- Born: March 27, 1960 (age 66) Detroit, Michigan, United States
- Education: MBA
- Employer: Navistar Corporation
- Known for: CEO of Federal Signal Corporation
- Title: Senior Vice President
- Board member of: Quaker Chemical Company

= William H. Osborne =

American businessman

William H. Osborne (born March 27, 1960, in Detroit, Michigan, US), former CEO of Federal Signal Corporation, was replaced by Dennis J. Martin on November 1, 2010. Prior to September 2008, he was President and CEO of Ford Canada Limited. He is the former Senior Vice President, Manufacturing & Quality for Navistar Corporation a manufacturer of Commercial Trucks and Senior Vice President, Operations and Quality for Boeing Defense and Space.

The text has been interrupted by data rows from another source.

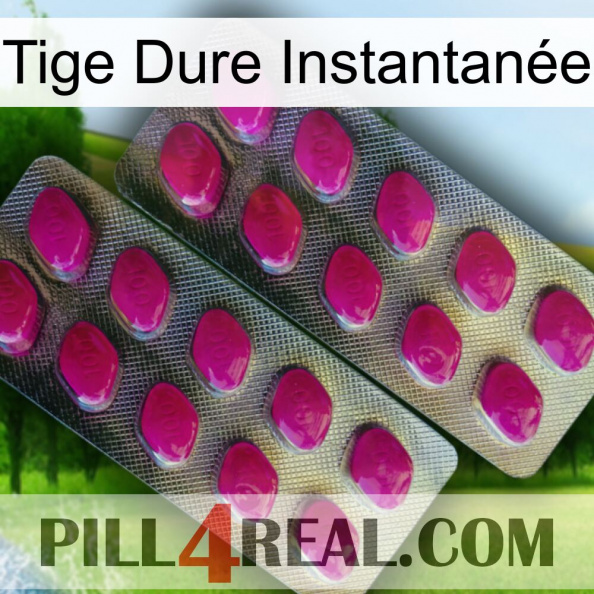 Tige Dure Instantanée 10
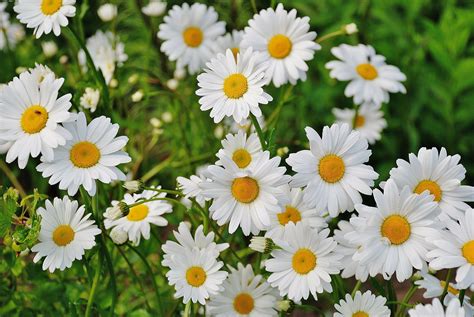 shasta daisies how to plant grow and care for daisy flowers the old farmer s almanac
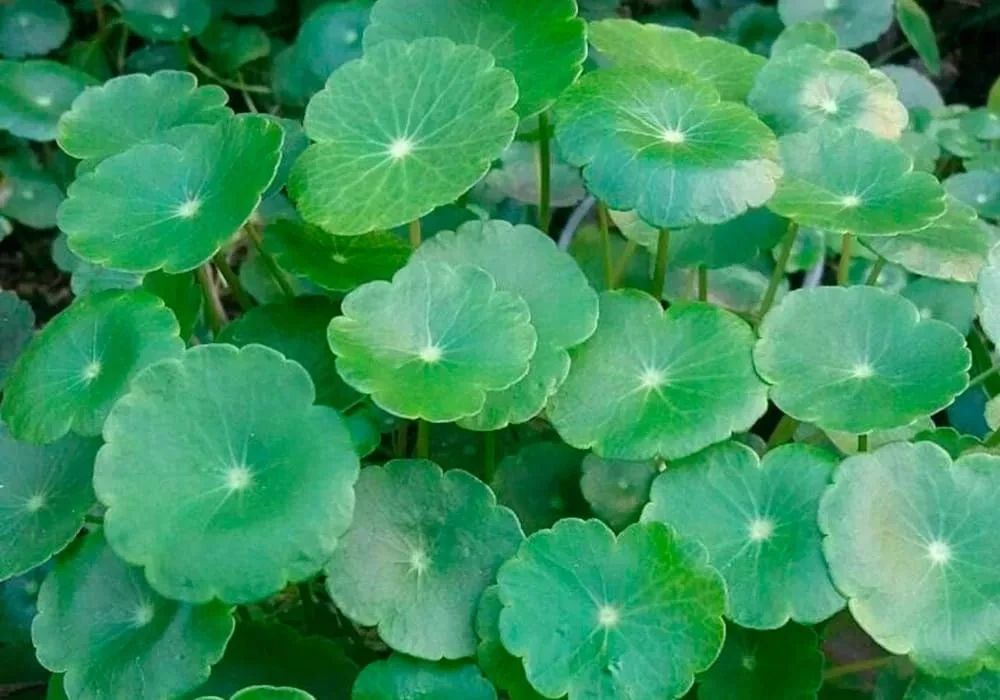 垂盆植物的品种与特点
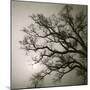 Tree Study II-Michael Kahn-Mounted Giclee Print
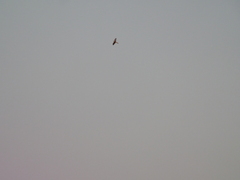 Falco femoralis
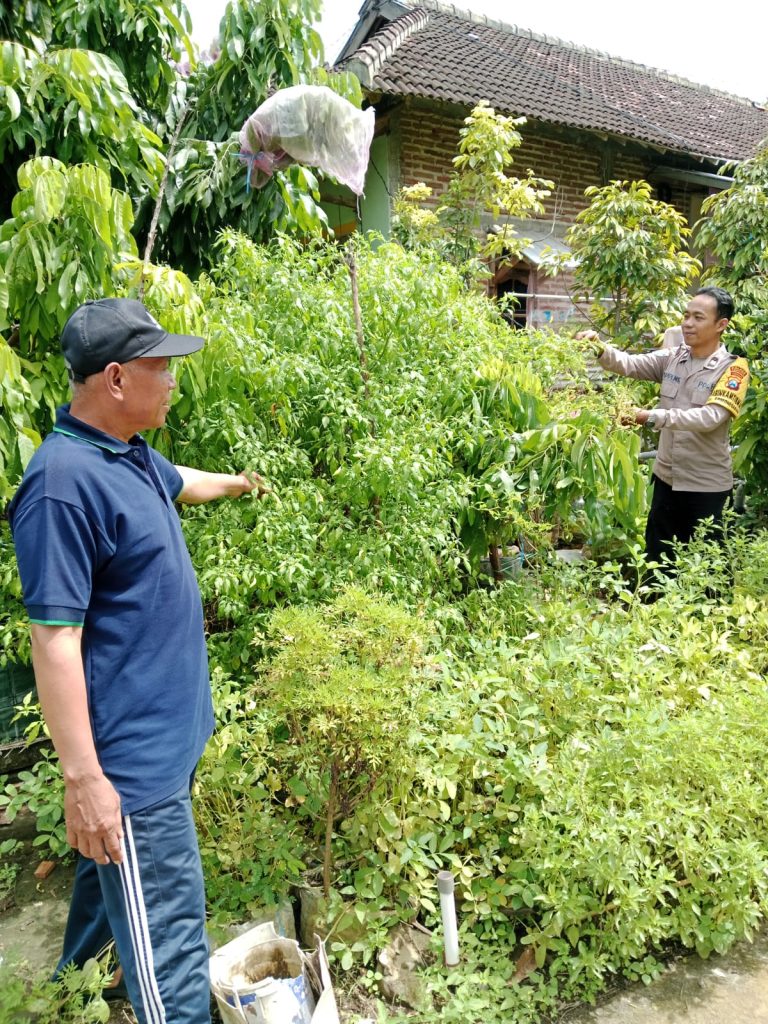 Bhabinkamtibmas Desa Grogol Sambangi Petani dan Monitor Ketahanan Pangan di Kecamatan Sawoo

He retired from the Boeing Company in 2022. Osborne also is a current member of the Board of Directors of Quaker Chemical Corporation, Armstrong World Industries and Invitae Corporation

He holds a
Bachelor of Mechanical Engineering from GMI Engineering & Management Institute,
an MBA from the University of Chicago and a
Master of Mechanical Engineering from Wayne State University.

He has spoken out against a proposed trade agreement between Canada and South Korea. He has warned of a cost-cutting agenda for future pay deals.